____ RECORDED INFORMATION

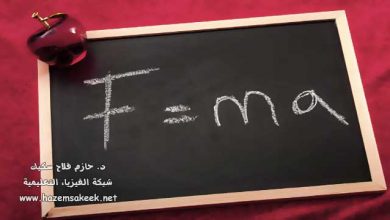 لماذا تعتبر "F = ma" أهم معادلة في الفيزياء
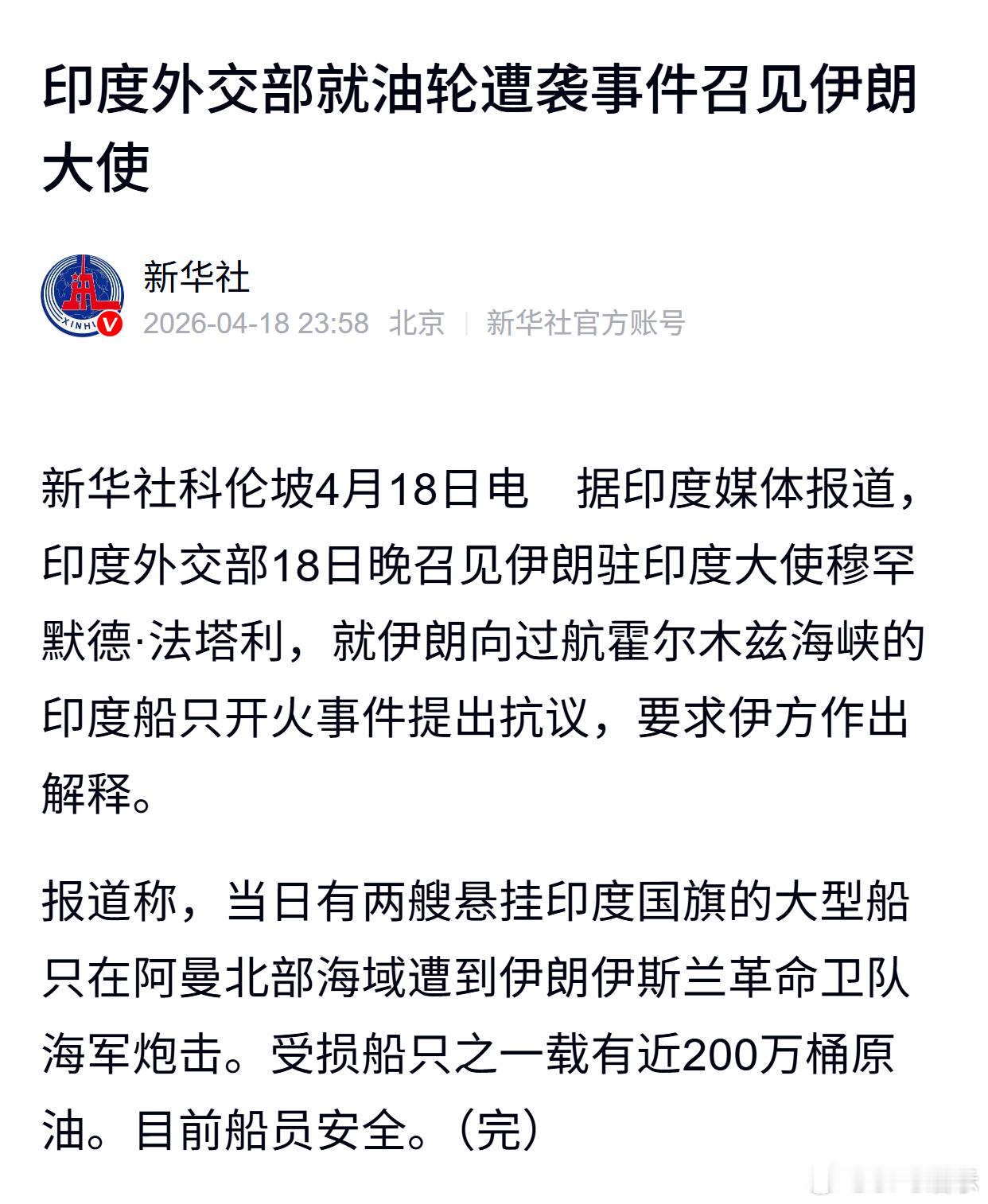 印度外交部就油轮遭袭事件召见伊朗大使 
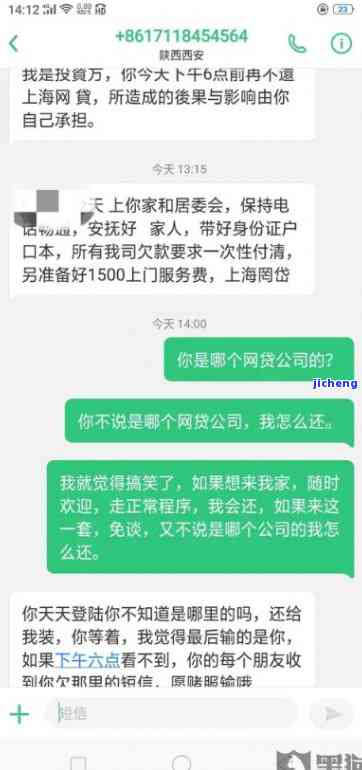 拍拍贷说要上门催收交给外包公司了，拍拍贷布将催收业务外包，引发关注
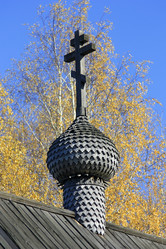 Similar image 343351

________

_HOW TO COMPLETE THIS TASK_: Output only these lines, word for word: the line containing "印度外交部就油轮遭袭事件召见伊朗大使" and every line after it through the last line of the data. Omit the pictures.

_EXERCISE RESPONSE_:
 印度外交部就油轮遭袭事件召见伊朗大使 
 拍拍贷说要上门催收交给外包公司了，拍拍贷布将催收业务外包，引发关注
 Similar image 343351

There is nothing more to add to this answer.